> **YOUR INSTRUCTIONS**: Starting with the line that holds "map of restaurants, bars, coffee", repeat each line through the last one below, exactly. Pictures stay out.

> **SUPPLIED DATA**:

-*-

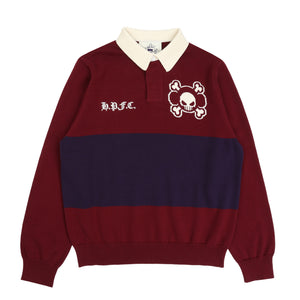Game Over Knit Polo - Red/Purple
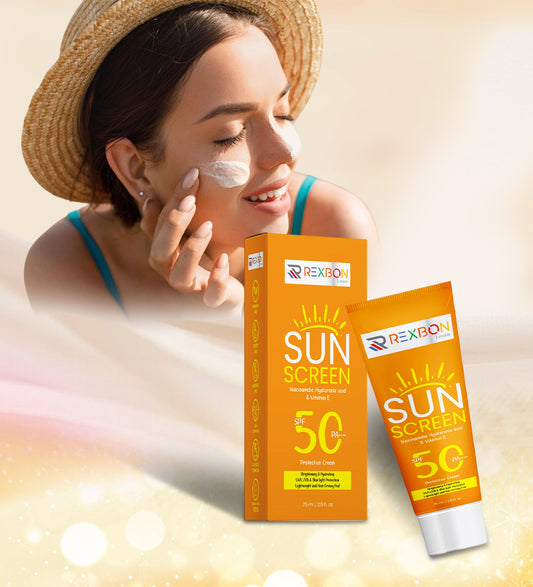 SPF 50 Sunscreen With Niacinamide, Hyaluronic Acid & Vitamin E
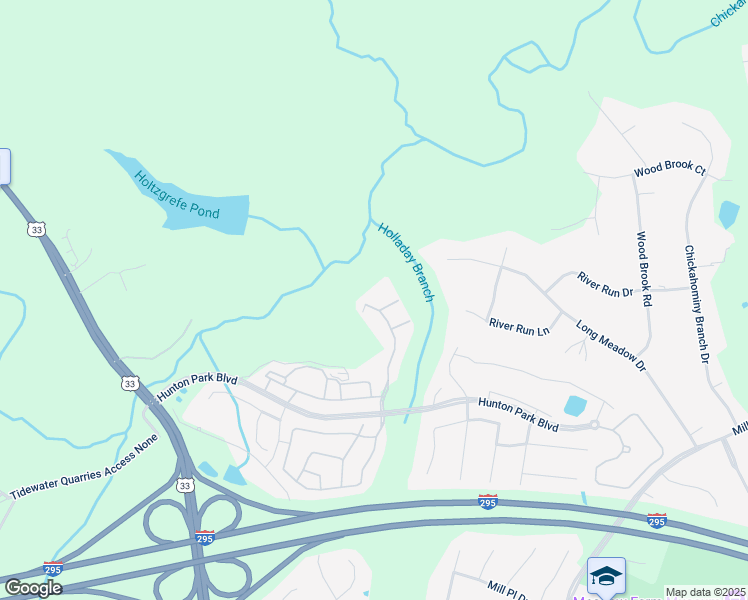 map of restaurants, bars, coffee shops, grocery stores, and more near 3226 Friars Walk Lane in Glen Allen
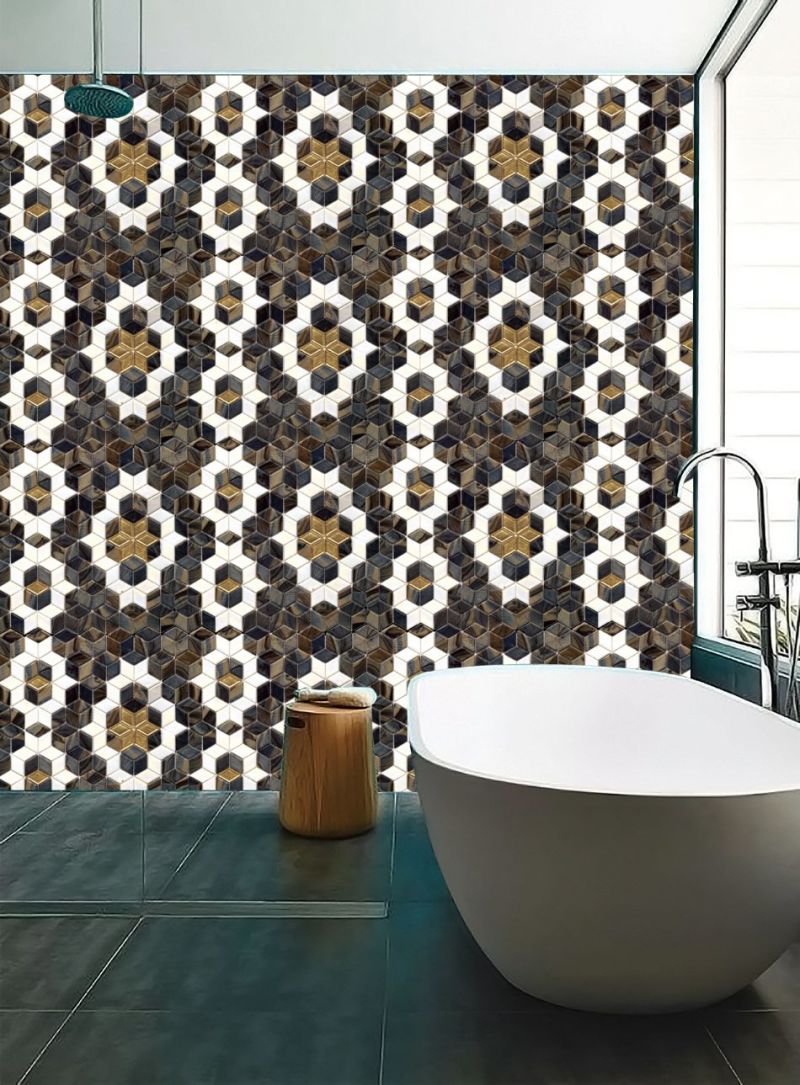 High Quality Wall Coating Bathtub Area Glass Tiles Mosaic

-*-

> **YOUR RESPONSE**:
 map of restaurants, bars, coffee shops, grocery stores, and more near 3226 Friars Walk Lane in Glen Allen
 High Quality Wall Coating Bathtub Area Glass Tiles Mosaic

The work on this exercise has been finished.